The first time I remember hearing the word was when my Grandmother Gallaher named a basement room “the serendipity room” after a home repair escalated from a hole dug under her home into a new addition. I awoke on New Year’s day, 2016 recovering from a nasty cold, and this melody was spinning around in my head. It was an unusually smooth process creating the composition, to the point it almost seemed like it was serendipity.
—Brent Gallaher

Big Sur takes the listener on a journey that touches the seaside cliffs, hiking trails, Bixby Bridge, and all of the natural wonders that make up this special place. The California coastline is one of the most beautiful and Big Sur is one of my favorites. The rich texture
of the landscape, as it connects to the ocean, leaves an indelible imprint to those who
visit Big Sur. —Kim Pensyl

Gratitude is a reflective ballad of thanks. For artists, it is sometimes easier to express feelings through the art, rather than through the spoken word. Also, the composition gives the listener time to search their experiences and contemplate what they are thankful for while the performers musically express theirs. —Kim Pensyl

Cycle represents the experience of subtle change. One part changes while the other part stays constant. This can be described by looking at a creek.

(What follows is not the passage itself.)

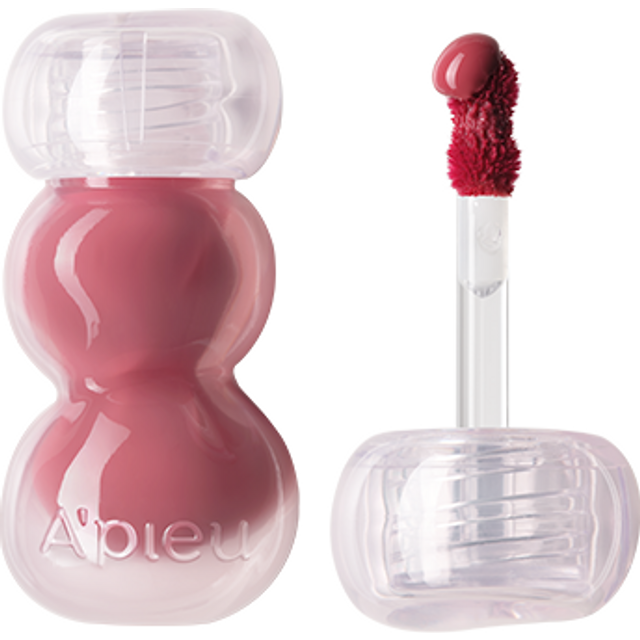 A'PIEU - Jelly Tint - 4.5g - 10 Plum Jelly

The surrounding area of the water like the rocks, trees, flowers, grass, and creek bed stay constant, while the water in the creek continues to change as it flows downstream. On deeper examination, we find there is change over time of each of the elements that surround the creek as well, so nothing really stays the same. The intersection of something constant, that brings a sense of calm, along with change, that brings a sense of excitement, creates interest. That is the aural sensation strived for in the composition. Nature has provided incredible images I want to paint with sound. —Kim Pensyl

I believe one of the more exciting elements of being a jazz musician is capturing spontaneous moments of improvised music in the recording studio. Improvisational music is a constant state of evolution, constantly moving forward. I wanted to capture that, both in this tune and the album, while staying tucked tightly in the groove’s pocket. Moving Forward was written as an homage to pianist Horace Silver who I consider one of greatest jazz composers of the last century. His compositions are soulful, swingin’, groovy, and always a blast to perform. —Brent Gallaher

Fred Hersch’s composition Rain Waltz was first introduced to me by my good friend, pianist Steve Schmidt. I immediately fell in love with it and knew I wanted to record it on my next project. The gentle melody is warm and cozy, like sitting inside on a rainy day, enjoying the sound of the rain falling on the roof. —Brent Gallaher

I wrote No Apparent Reason years ago while practicing piano in the practice rooms at Manhattan School of Music. The harmonies and melodies of Herbie Hancock were my musical inspiration. The title is dedicated to my childhood friend Alex Horn. Like myself, he was a unique and unusual kid at school. Occasionally he was a victim of teasing and bullying from other kids, and he used to say that he was picked on for "no apparent reason". —Alex Pope Norris

As I write music, what gets created comes from the vibe in the air around me. When I wrote down Cesar, I had spent a lot of time listening to and playing the music of Cesar Franck. His harmonies and melodies were definitely running around in my mind, and I felt that putting Romanticism into the jazz context would lead to an interesting energy—the very energy captured on this recording! —Dan Karlsberg



to write a review

Joe Ross (Roots Music Report)

Heartfelt, appealing, expressive statements of creativity & progression
Brent Gallaher is a master jazzman who gives us a memorable experience featuring a solid jazz quintet with tenor sax, trumpet, piano, bass and drums. The eight compositions range from 5 to 7.5 minutes apiece, and that relaxed approach in arrangement provides plenty of undisturbed opportunity for exquisite playing and intelligent, thoughtful improvisation. About the opening cut, “Serendipity,” Gallaher notes that it was “an unusually smooth process creating the composition, to the point it almost seemed like it was serendipity.” Gallaher’s original title cut is a tribute to pianist Horace Silver, noted for his terse, imaginative and utterly funky style. It’s a good showpiece for pianist Dan Karlsberg who wrote the nascent closing cut, “Cesar,” for this project. The other compositions (written by Kim Pensyl, Fred Hersch or Alex Pope Norris) offer heartfelt, appealing and expressive statements of broad-minded musical creativity and progression. (Joe Ross, Roots Music Report)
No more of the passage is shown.